The Institutes of Technology offer a very attractive option to students looking to study at third level, and a growing number of Irish school leavers choose to further their education at an IT every year. Institutes of Technology (ITs) in Ireland offer qualifications including certificates, ordinary and honours degrees and the educational component of many apprenticeship and craft programmes. Many also run both taught and research postgraduate programmes.
The qualification system within the ITs allow students to initially take certain higher certificate courses, which normally last for two years, and then gain entry on to ordinary degree and subsequent honours degree courses. The advantage of this “ladder system” of qualification means that students can achieve excellent qualifications within a relatively short space of time. There is also the option of entering the job market after each step, and returning to ‘top up’ their qualification at a later date. Of course, there is the option of entering a degree programme without first taking a certificate course. The Dublin Institute of Technology is a university-level institution in its own right and validates its own awards.
Quality and Qualifications Ireland (QQI) monitors quality standards at the other ITs and validates qualifications right up to PhD level. QQI qualifications are internationally recognised by academic, professional, trade and craft bodies. Many professional qualifications schemes (e. g. accountants, solicitors) have links with the Institute of Technology system.
The Institutes of Technology have developed significantly in recent decades. Regional Technical Colleges (RTCs) emerged in the 1970s to provide for technical educational needs among Irish students. The courses offered at the Colleges had a strong technical emphasis and were highly vocational in nature. The emergence of the RTCs offered a bigger choice to those who wanted to go on to further education, both in terms of their location and the programmes that they offered.

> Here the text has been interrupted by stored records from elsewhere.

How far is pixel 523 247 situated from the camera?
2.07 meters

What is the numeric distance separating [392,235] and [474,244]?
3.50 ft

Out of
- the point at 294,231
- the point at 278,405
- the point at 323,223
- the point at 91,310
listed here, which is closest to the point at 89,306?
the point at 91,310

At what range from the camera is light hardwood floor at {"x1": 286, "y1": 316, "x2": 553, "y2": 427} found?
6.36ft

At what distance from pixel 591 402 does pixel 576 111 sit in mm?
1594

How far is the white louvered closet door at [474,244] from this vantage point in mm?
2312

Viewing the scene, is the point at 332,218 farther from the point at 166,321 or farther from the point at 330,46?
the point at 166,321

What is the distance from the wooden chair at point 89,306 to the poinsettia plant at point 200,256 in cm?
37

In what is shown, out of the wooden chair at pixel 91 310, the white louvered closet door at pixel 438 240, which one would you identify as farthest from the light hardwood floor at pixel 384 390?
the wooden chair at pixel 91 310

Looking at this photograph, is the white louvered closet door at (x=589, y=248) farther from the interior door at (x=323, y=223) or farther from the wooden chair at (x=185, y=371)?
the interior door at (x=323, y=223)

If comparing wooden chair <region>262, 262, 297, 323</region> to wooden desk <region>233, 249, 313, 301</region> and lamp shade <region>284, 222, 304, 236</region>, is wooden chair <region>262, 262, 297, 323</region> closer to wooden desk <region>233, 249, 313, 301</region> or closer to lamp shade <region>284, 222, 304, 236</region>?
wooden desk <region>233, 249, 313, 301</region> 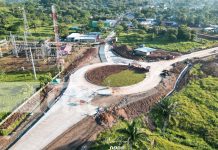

During the 1980s, RTC students began to pursue higher qualifications. However, there were no links between RTC certificates and the diplomas and degrees available at universities, and so students got few exemptions for university courses. Many found themselves in third-level education for six years or more. Over time closer links were established between the various institutions, and an over-arching framework of qualifications was put in place. In 1992, the Dublin Institute of Technology became an autonomous university-level institution under the DIT Act. It is constituted from the existing Colleges of Technology at Bolton Street and Kevin Street and the Colleges of Catering, Commerce, Marketing and Design, and Music. It was the only IT in Ireland until 1997, when the process of changing the then eleven RTCs to ITs began.
Although the ITs started life as colleges designed to produce graduates with highly technical skills, the scope of the courses supplied has widened considerably. There are still plenty of courses available in technology, engineering and science but potential students can now choose from a range of courses in areas such as business studies, humanities, languages, healthcare, art & design, tourism and leisure.